Stored entries -

--------

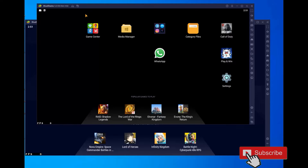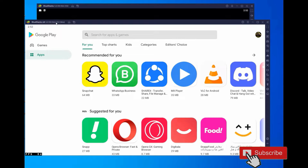Hello guys, welcome to this new video. In this video I want to show you how you can fix crashing Call of Duty Mobile with the latest version on BlueStacks 5. This version — ARM32 — has a lot of crashing. To fix this problem you must install the p64 beta version.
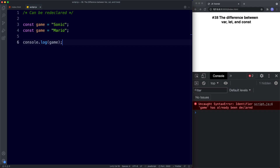That's it for this lesson — we've covered the first two differences between var, let and const: reassignment and redeclaration. To summarize: for years we used var to declare variables, but with ES6 we gained let and const. There are four main differences: reassignment, redeclaration, scope and hoisting. Var and let can be reassigned but const cannot. Var can be redeclared but let and const cannot. Going forward, always favor let and const over var.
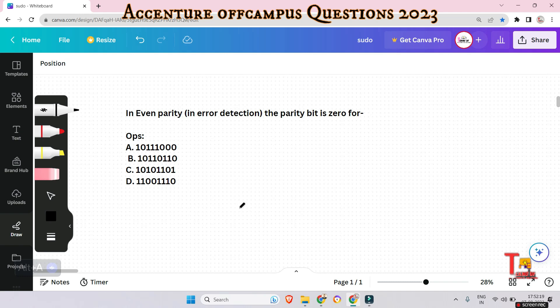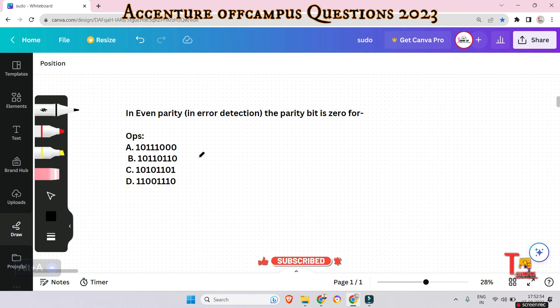In even parity, if the number of ones is even, the parity bit value will be zero. If the number of ones is odd, the parity bit value is one. In odd parity, if the number of ones is odd, the parity bit value is zero, and if the number of ones is even, the parity bit value is one.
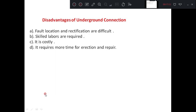Some disadvantages of underground connections: fault location and rectification are very difficult because the fault is under the ground — you have to dig out and find the fault, which is cumbersome. Skilled labor is required for installation as well as repairs. At the same time, it is costly — the cable is costly and installation costs are also higher. Overall, the system is costly. It requires more time for erection and repair compared to the overhead system.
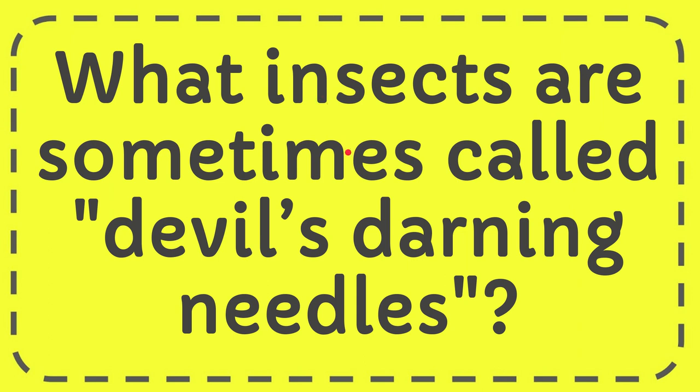In this video I'm going to give you the answer for this question. The question is what insects are sometimes called devil's darning needles.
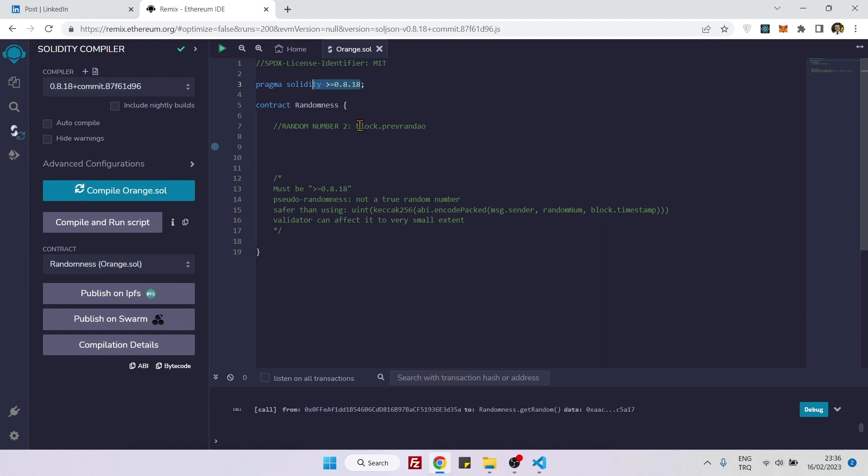And this method does not produce a truly random number. It produces pseudo-randomness. Or let's say it approaches producing a random number, but it's not truly random. If your contract is going to depend on a random number,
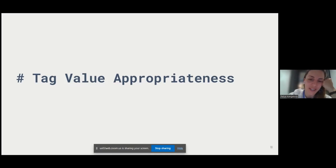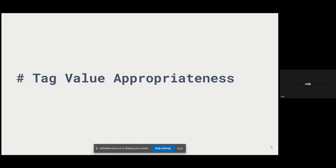Over to Rob — he'll introduce himself and talk about tag value appropriateness. My name's Rob, I'm based in the Rocky Mountains of Colorado. One of the advantages and disadvantages of OpenStreetMap is that you can add any tag value you want. This is extremely flexible, but it's also a problem — sometimes people invent tags that aren't commonly used and don't have additional meaning, so data cleaning often means replacing obscure tags with something clearer and more accurate.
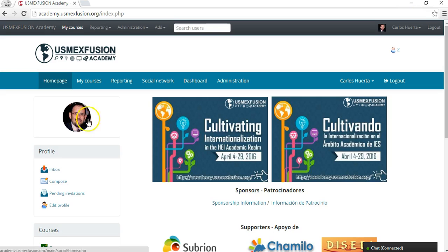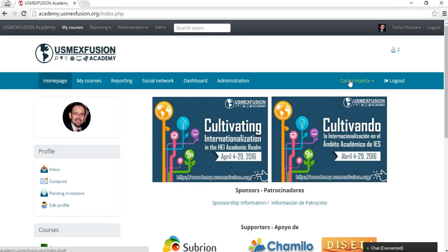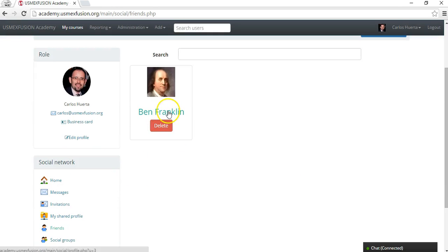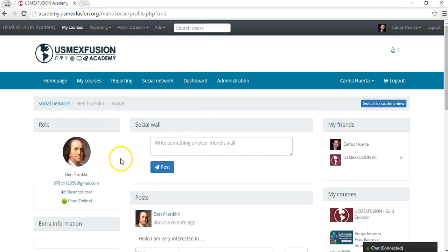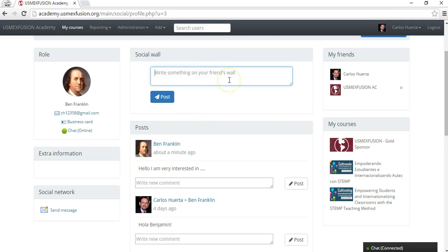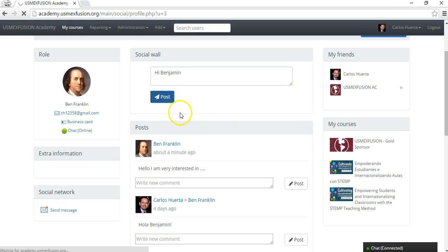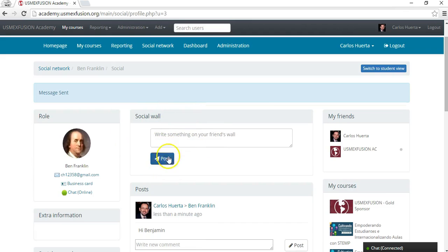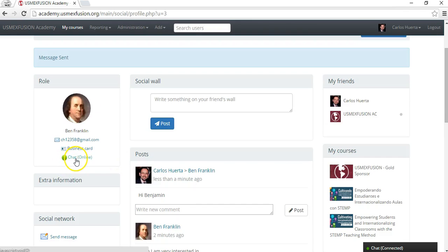I have logged in to the platform with my login credentials as Carlos Huerta, and I can go to my social network and see Benjamin Franklin's wall. This is where I can add a comment or a message to Benjamin Franklin's social wall — for example, saying hello or hi to Benjamin Franklin. So that's part of the social networking tools. There is also a chat.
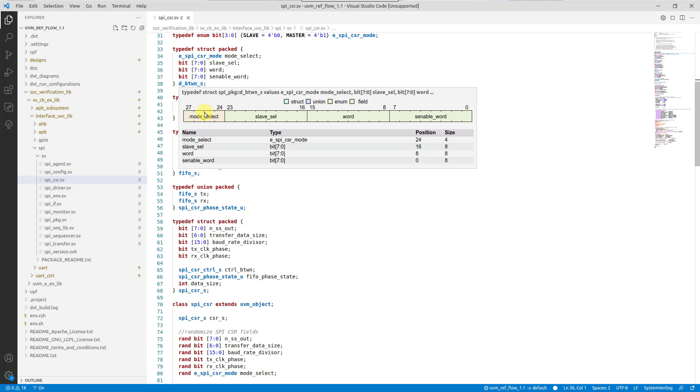The members are represented from left to right, from most to least significant. In order to differentiate member types, check the legend located at the top.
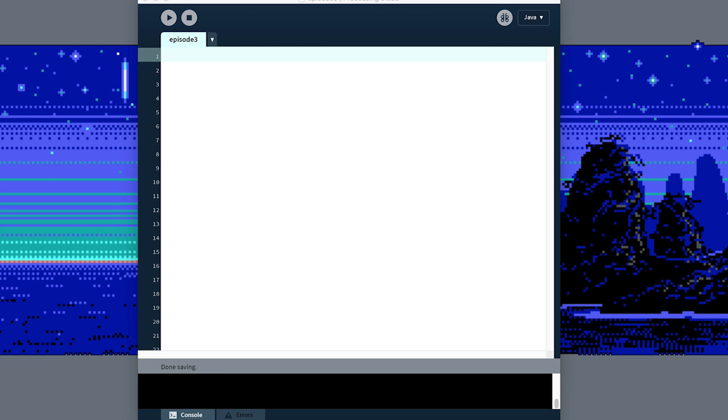All right, welcome back to episode three. We're going to go ahead and make a bouncing ball in this exercise. And I just want to review some stuff that we talked about a little bit in episode two, but didn't focus on specifically. And that's declaring and assigning variables. So when I say declaring, that means we're calling them into existence. We're naming them for processing to give to us.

--------

For this exercise, transcribe the data above line by line, exactly, with pictures omitted.

Response below -
Hello guys, welcome to this new video. In this video I want to show you how you can fix crashing Call of Duty Mobile with the latest version on BlueStacks 5. This version — ARM32 — has a lot of crashing. To fix this problem you must install the p64 beta version.
That's it for this lesson — we've covered the first two differences between var, let and const: reassignment and redeclaration. To summarize: for years we used var to declare variables, but with ES6 we gained let and const. There are four main differences: reassignment, redeclaration, scope and hoisting. Var and let can be reassigned but const cannot. Var can be redeclared but let and const cannot. Going forward, always favor let and const over var.
In even parity, if the number of ones is even, the parity bit value will be zero. If the number of ones is odd, the parity bit value is one. In odd parity, if the number of ones is odd, the parity bit value is zero, and if the number of ones is even, the parity bit value is one.
Some disadvantages of underground connections: fault location and rectification are very difficult because the fault is under the ground — you have to dig out and find the fault, which is cumbersome. Skilled labor is required for installation as well as repairs. At the same time, it is costly — the cable is costly and installation costs are also higher. Overall, the system is costly. It requires more time for erection and repair compared to the overhead system.
In this video I'm going to give you the answer for this question. The question is what insects are sometimes called devil's darning needles.
And this method does not produce a truly random number. It produces pseudo-randomness. Or let's say it approaches producing a random number, but it's not truly random. If your contract is going to depend on a random number,
Over to Rob — he'll introduce himself and talk about tag value appropriateness. My name's Rob, I'm based in the Rocky Mountains of Colorado. One of the advantages and disadvantages of OpenStreetMap is that you can add any tag value you want. This is extremely flexible, but it's also a problem — sometimes people invent tags that aren't commonly used and don't have additional meaning, so data cleaning often means replacing obscure tags with something clearer and more accurate.
I have logged in to the platform with my login credentials as Carlos Huerta, and I can go to my social network and see Benjamin Franklin's wall. This is where I can add a comment or a message to Benjamin Franklin's social wall — for example, saying hello or hi to Benjamin Franklin. So that's part of the social networking tools. There is also a chat.
The members are represented from left to right, from most to least significant. In order to differentiate member types, check the legend located at the top.
All right, welcome back to episode three. We're going to go ahead and make a bouncing ball in this exercise. And I just want to review some stuff that we talked about a little bit in episode two, but didn't focus on specifically. And that's declaring and assigning variables. So when I say declaring, that means we're calling them into existence. We're naming them for processing to give to us.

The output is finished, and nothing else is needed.